Once the line with "this 880×587 image." is found in the material, write out that line and every later line exactly, through the end.

---

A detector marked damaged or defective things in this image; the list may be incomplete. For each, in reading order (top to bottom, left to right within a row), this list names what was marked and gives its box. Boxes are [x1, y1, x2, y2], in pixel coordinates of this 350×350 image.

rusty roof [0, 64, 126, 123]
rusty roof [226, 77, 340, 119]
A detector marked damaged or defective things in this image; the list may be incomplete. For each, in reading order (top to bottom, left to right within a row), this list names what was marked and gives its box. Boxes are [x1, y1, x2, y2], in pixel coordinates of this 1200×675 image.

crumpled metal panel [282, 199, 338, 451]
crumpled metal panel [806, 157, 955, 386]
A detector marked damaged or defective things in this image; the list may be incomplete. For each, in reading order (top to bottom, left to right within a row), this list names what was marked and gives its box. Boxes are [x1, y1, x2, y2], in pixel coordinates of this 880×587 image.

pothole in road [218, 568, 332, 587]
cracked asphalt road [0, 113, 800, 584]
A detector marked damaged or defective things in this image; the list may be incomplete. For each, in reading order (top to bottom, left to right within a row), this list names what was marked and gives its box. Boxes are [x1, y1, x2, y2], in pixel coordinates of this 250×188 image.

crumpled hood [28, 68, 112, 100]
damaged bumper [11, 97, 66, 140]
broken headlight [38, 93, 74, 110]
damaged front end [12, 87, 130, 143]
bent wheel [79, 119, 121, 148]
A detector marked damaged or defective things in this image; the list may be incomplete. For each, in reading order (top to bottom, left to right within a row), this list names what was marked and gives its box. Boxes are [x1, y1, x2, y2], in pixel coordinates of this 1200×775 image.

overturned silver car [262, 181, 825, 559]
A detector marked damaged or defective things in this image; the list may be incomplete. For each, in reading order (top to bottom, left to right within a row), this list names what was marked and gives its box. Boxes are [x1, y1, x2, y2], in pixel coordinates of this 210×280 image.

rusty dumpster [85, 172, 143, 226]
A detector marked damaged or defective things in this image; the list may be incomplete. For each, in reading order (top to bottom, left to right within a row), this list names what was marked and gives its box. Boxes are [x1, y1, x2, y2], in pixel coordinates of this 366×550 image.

---

» RESULT:
A detector marked damaged or defective things in this image; the list may be incomplete. For each, in reading order (top to bottom, left to right within a row), this list names what was marked and gives its box. Boxes are [x1, y1, x2, y2], in pixel coordinates of this 880×587 image.

pothole in road [218, 568, 332, 587]
cracked asphalt road [0, 113, 800, 584]
A detector marked damaged or defective things in this image; the list may be incomplete. For each, in reading order (top to bottom, left to right within a row), this list names what was marked and gives its box. Boxes are [x1, y1, x2, y2], in pixel coordinates of this 250×188 image.

crumpled hood [28, 68, 112, 100]
damaged bumper [11, 97, 66, 140]
broken headlight [38, 93, 74, 110]
damaged front end [12, 87, 130, 143]
bent wheel [79, 119, 121, 148]
A detector marked damaged or defective things in this image; the list may be incomplete. For each, in reading order (top to bottom, left to right within a row), this list names what was marked and gives its box. Boxes are [x1, y1, x2, y2], in pixel coordinates of this 1200×775 image.

overturned silver car [262, 181, 825, 559]
A detector marked damaged or defective things in this image; the list may be incomplete. For each, in reading order (top to bottom, left to right within a row), this list names what was marked and gives its box. Boxes are [x1, y1, x2, y2], in pixel coordinates of this 210×280 image.

rusty dumpster [85, 172, 143, 226]
A detector marked damaged or defective things in this image; the list may be incomplete. For each, in reading order (top to bottom, left to right within a row), this list names what was marked and gives its box. Boxes are [x1, y1, x2, y2], in pixel coordinates of this 366×550 image.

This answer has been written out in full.